那須湯本は 1915 m の茶臼岳山腹に点在する那須温泉郷の中で最も歴史のある温泉で、奈良時代には都から小野朝臣らが湯治に訪れるなど、その名の知られた温泉であったことがうかがえる。九尾の狐伝説で有名な殺生石のすぐ近くにあるが、このお話は江戸時代の読本や浄瑠璃のお話である。

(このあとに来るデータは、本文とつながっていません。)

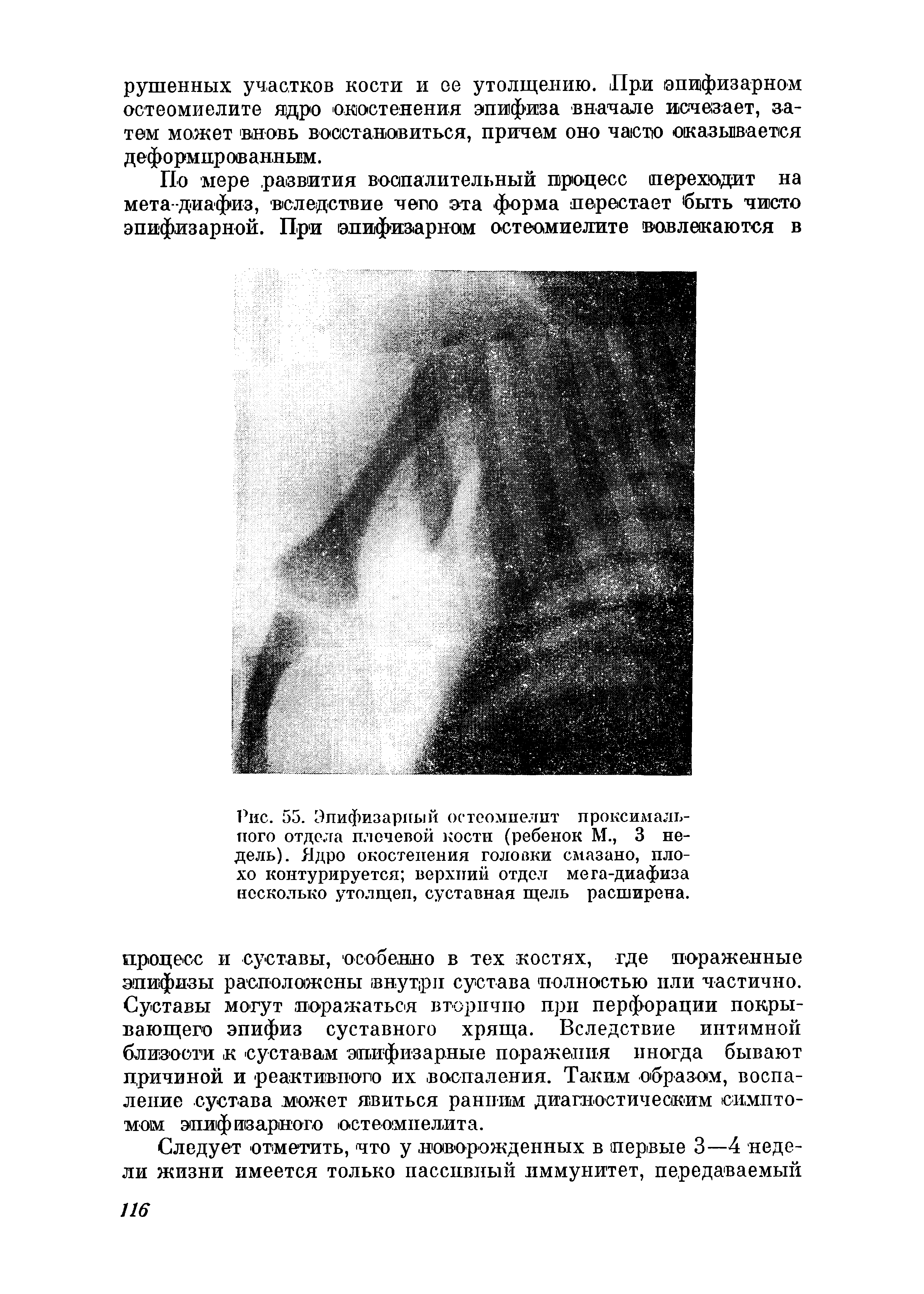 Рис. 55. Эпифизарный остеомиелит проксимального отдела плечевой кости (ребенок М., 3 недель). Ядро окостенения головки смазано, плохо контурируется верхний отдел мега-диафиза несколько утолщен, суставная щель расширена.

松川屋は那須街道から 1 本道を折れ、山の高低差をうまく利用した立地にあり、湯本の温泉街を、さらには平野部まで見渡せる景観が売りとなっている。20 人は余裕で入れる広々とした内湯は、湯口が 2 ヵ所あり、鹿の湯と行人の湯の混合泉が静かにかけ流されていた。仕切りにより大小に分けられていたが、小さい方はやや熱く、黄色っぽく、大きい方は適温で、青白い色に濁っていた。透明度は 12 cm ほど。展望抜群の露天風呂は 2~3 人サイズのこじんまりとしたもので、こちらもかけ流し。
那須街道沿いには鄙びた趣のこじんまりとした民宿が多く、いずれも素晴らしいが、広々とした風呂がいいのなら松川屋をお勧めする。このサイズの湯舟を満たして十二分な存在感を示す那須の湯はやはり名湯である。
(2020 年 11 月)
◆源泉情報◆
源泉名:鹿の湯・行人の湯混合泉
泉質:酸性-単純硫黄泉
泉温:53.7℃
成分:pH2.4、溶存物質 975.4 mg/kg、主要な成分は以下の通り(いずれも mg)。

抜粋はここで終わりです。